The most significant, individually modifiable factor associated with improved maternal and neonatal outcomes is the absence of maternal tobacco smoking. For Central Australian Aboriginal maternal populations, tobacco exposure includes the chewing of wild tobacco plants. Pituri chewing is embedded in Central Australian communities, existing as an early life ‘rite of passage’ from parent to child [9]. The pituri chewer participants may have been exposed to nicotine from the time of their conception via their own mother’s chewing, with continued exposure through breast feeding, followed by their uptake of pituri use in very early life. Here our analysis of NM concentrations from various biological samples provided by mothers who chewed pituri indicates there is the potential for a relationship between nicotine exposure from chewing these plants during pregnancy and adverse maternal and neonatal outcomes, and that these outcomes may be similar to the use of smoked tobacco. However, pituri is not recognised as a tobacco plant by many Aboriginal people or health professionals. Developing health education materials for both populations will provide a significant platform to engage in meaningful tobacco-use discussions, assessments and provide a pathway for cessation strategies.

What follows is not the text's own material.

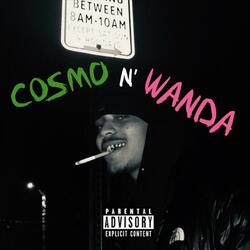 Cosmo & Wanda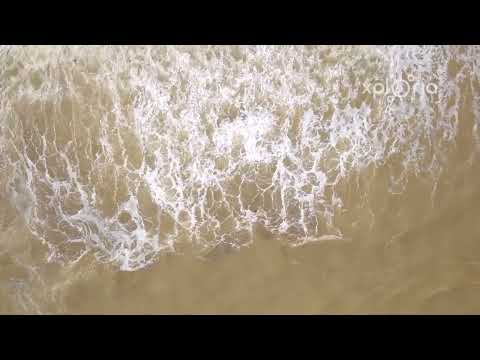 Giulianova, Abruzzo, Italy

Importantly, this research demonstrated that cohort mean birthweight (as a sentinel neonatal outcome variable) can be a misleading measure if not considered alongside the presence of elevated maternal glucose and tobacco use. Consideration of the role that nicotine exposure has in the development of elevated maternal glucose in pregnancy is important in mitigating the development of chronic health illness in later life. The long-term effects of the dual exposure to nicotine and elevated glucose on the developing foetus are important to public health knowledge and public health education. Future research that explores the pharmacodynamics and pharmacokinetics of nicotine metabolism in this population will provide important understandings related to these outcomes but is reliant on the collection of accurate tobacco and nicotine exposure data. Modifying the pregnancy health assessment and data collection tools to record the broader range and use of nicotine-containing products will enable a more inclusive and discriminative assessment of their effects on contemporary Australian pregnancies and outcomes.